Moran Quartet Complete


TERESA MORAN –SOLDIER Ken Catran, illustrations by Gaston Vanzet, Lothian/ Hachette Livre, 233 pages, paperback, NZ$16.99
ISBN 987-0-7344-0963-8

The Moran family have a proud history in the New Zealand Army. Jacko Moran was a sniper at Gallipoli and the Western Front, while his son Robert served in Crete, El Alamein and Italy. Both won the VC. Jimmy Moran survived Vietnam and rose to be Chief of Staff. No, you haven’t been sleeping in history lessons. The Moran family are the creation of prolific novelist Ken Catran, who has started 2007 with a bang by winning the Margaret Mahy Medal, being appointed Writer-in-Residence at the University of Waikato and completing the award-winning Moran Quartet with Teresa Moran – Soldier.

Like the three generations before her, Teresa finds that the stress of combat damages her private life. Her use of flashbacks and research into family history gives the reader further insight into each of the Morans and their troubled personalities. Like her father before her, Lieutenant Teresa Moran learns that the enemy is not easy to identify in modern warfare; the press can sometimes be more dangerous. Leading a patrol into an ambush in Timor, she survives but finds herself in a media firestorm. When her father pulls strings to have Teresa attached to an Australian unit in Iraq, a terrorist group realises that kidnapping an important officer’s daughter would create publicity.
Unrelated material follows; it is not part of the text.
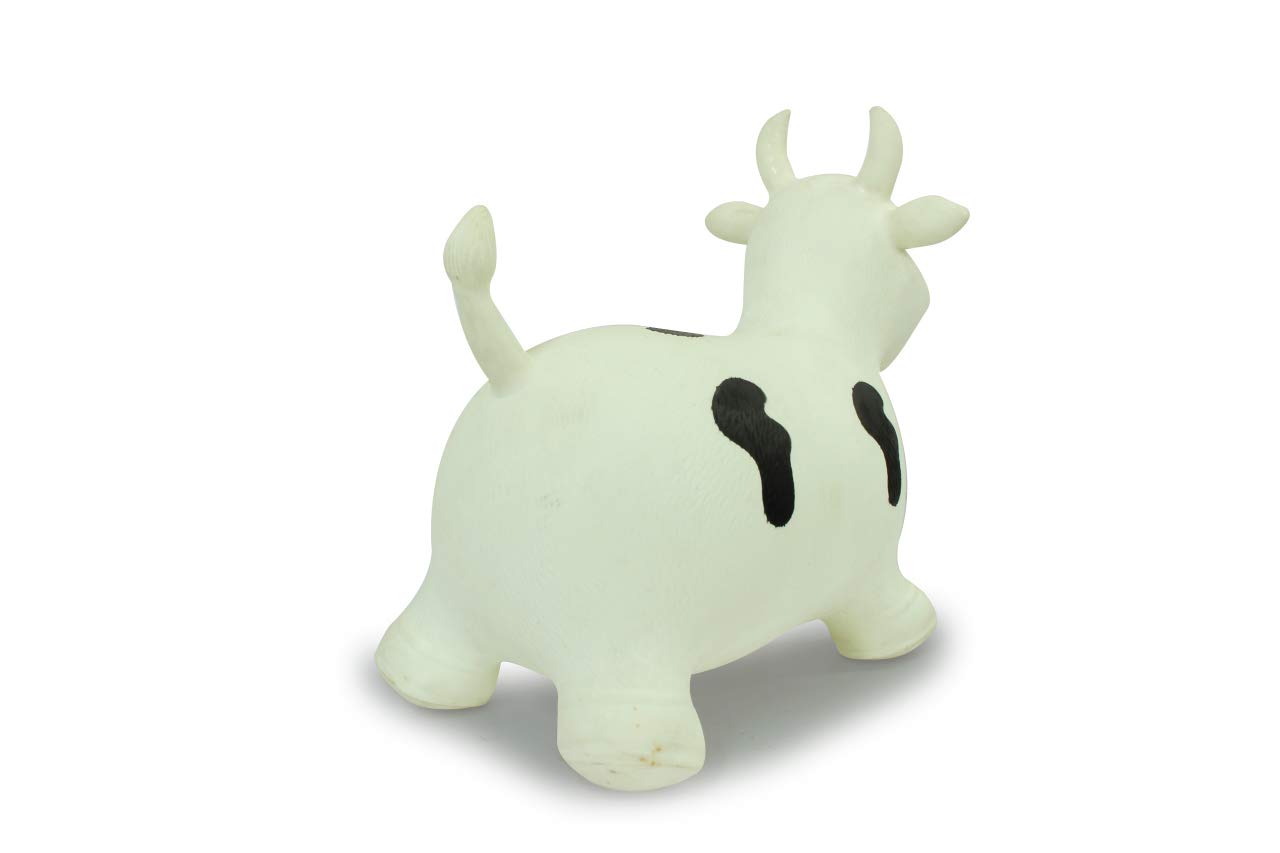 Jamara 460318 - White/Black Jumping Toro Animal Toy with Pump & Ears as Stand - Includes Model, Pump, Instructions - Perfect for Kids' Parties, Classroom Rewards & Fun Family Playtime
As usual Catran’s wide-ranging research creates plausible military confrontations, and Teresa’s smouldering conflict with her father is equally convincing. It is unfortunate that she spends so little of her first-person narrative serving with New Zealanders, but a representative band of Australians, Americans and Iraqis help fill the gap. Teresa’s exploits in Baghdad may be over-dramatised but the trademark gritty reality of the Moran saga has been maintained to the end.

Note: The other three novels are Jacko Moran - Sniper, Robert Moran - Private and Jimmy Moran – Regular.